L’ultimo anno con la Roma è stato sofferto. Altre squadre mi volevano. Ma io avevo deciso di finire con la mia maglia, quella giallorossa. Anche per mio padre. Così arrivammo alla sera della partita di addio, contro una selezione di campioni di tutto il mondo che erano venuti per me. Il giorno prima avevamo perso la Coppa Uefa con l’Inter e io temevo non ci fosse nessuno allo stadio. Appena il pullman si è mosso dall’albergo abbiamo trovato auto e motorini che ci suonavano e all’Olimpico c’erano ottantamila persone. Un clima incredibile. Io ero in trance. Alla fine feci il giro del campo con i miei figli, uno con la maglia della Nazionale e uno con quella della Roma. Mi fermai davanti alla Curva, mi inginocchiai per ringraziare dell’amore che mi avevano dato i tifosi“.
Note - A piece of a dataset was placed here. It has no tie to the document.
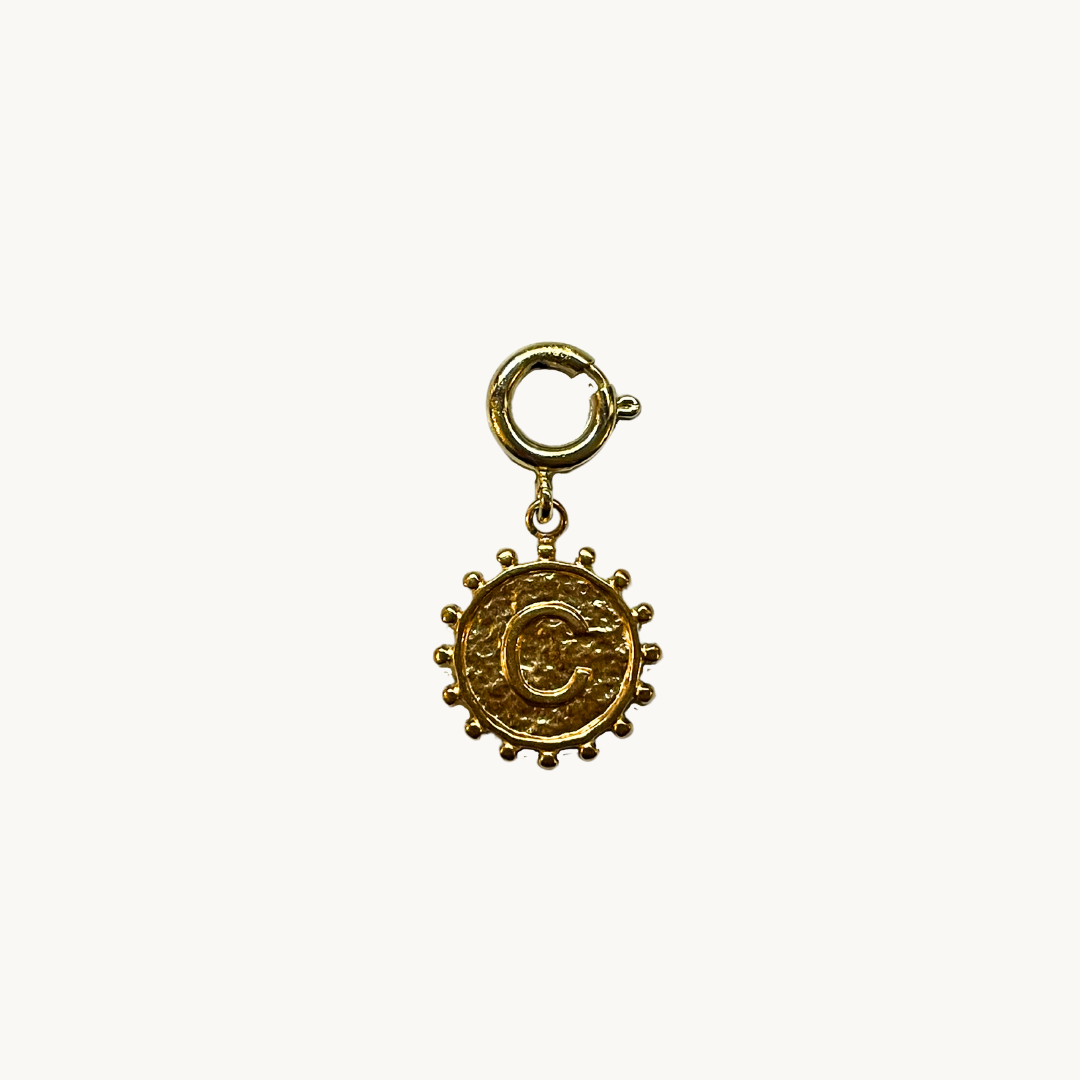 Charm soleil lettre dorée – Pendentif initiale élégant pour téléphone ou bijou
La sua nuova carriera con la Roma:

“Ho cominciato a girare i campi di periferia. Ho trovato De Rossi, Aquilani, Bovo, Florenzi, Bertolacci, Romagnoli. Mi piaceva il rapporto con la gente, con le famiglie. Totti? Francesco è la Roma. Una squadra non è fatta solo dei giocatori. Francesco lo capisci se conosci la sua famiglia, le sue radici nella città, i suoi valori fatti di sacrifici e di amore per la squadra. Quanto avrebbe potuto guadagnare se fosse andato in Spagna o in Inghilterra? Ha dato alla Roma le sue ginocchia e la fatica di ricominciare ogni volta. Lo ammiro. Come calciatore e come persona. Il più forte del campionato è Florenzi. Anche a lui, come a me, dicevano che era troppo mingherlino. Ma è un fenomeno, capace di giocare in tutti i ruoli“.